## Your instructions
Images aside, the whole listing should be written out word for word.

## Dataset section
----
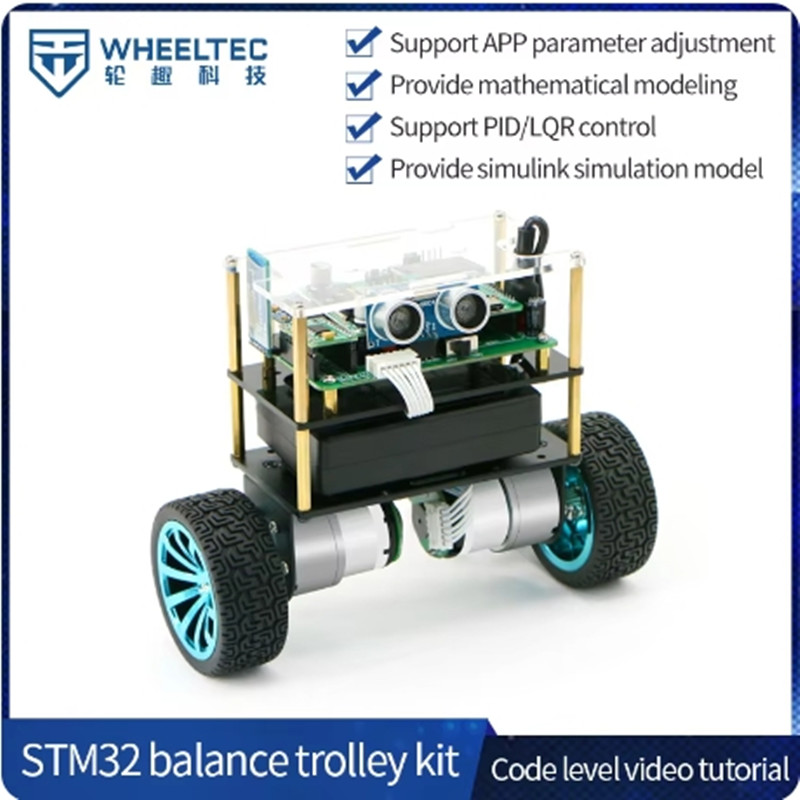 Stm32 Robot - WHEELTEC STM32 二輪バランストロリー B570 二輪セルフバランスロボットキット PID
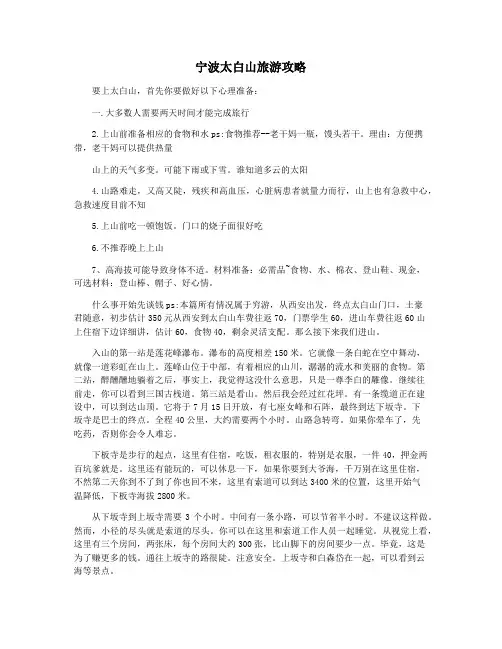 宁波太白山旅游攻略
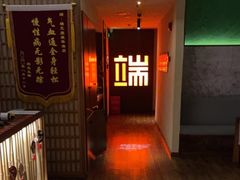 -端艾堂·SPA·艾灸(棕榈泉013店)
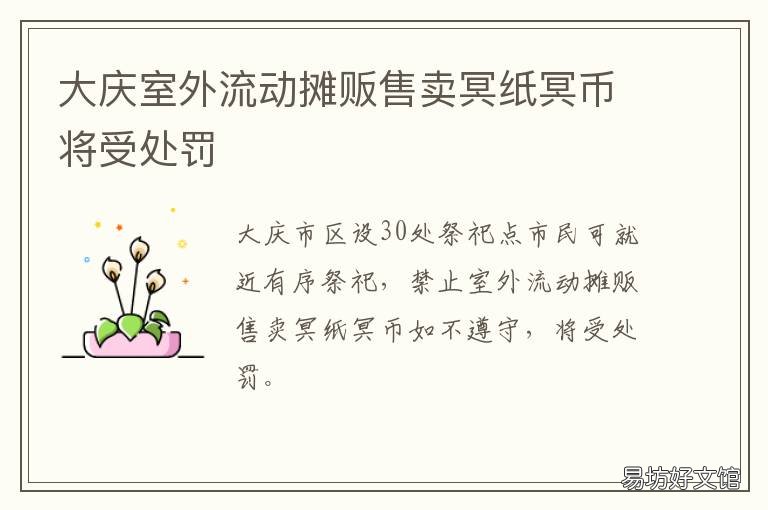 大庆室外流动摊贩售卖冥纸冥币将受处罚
----
## Solved exercise
 Stm32 Robot - WHEELTEC STM32 二輪バランストロリー B570 二輪セルフバランスロボットキット PID
 宁波太白山旅游攻略
 -端艾堂·SPA·艾灸(棕榈泉013店)
 大庆室外流动摊贩售卖冥纸冥币将受处罚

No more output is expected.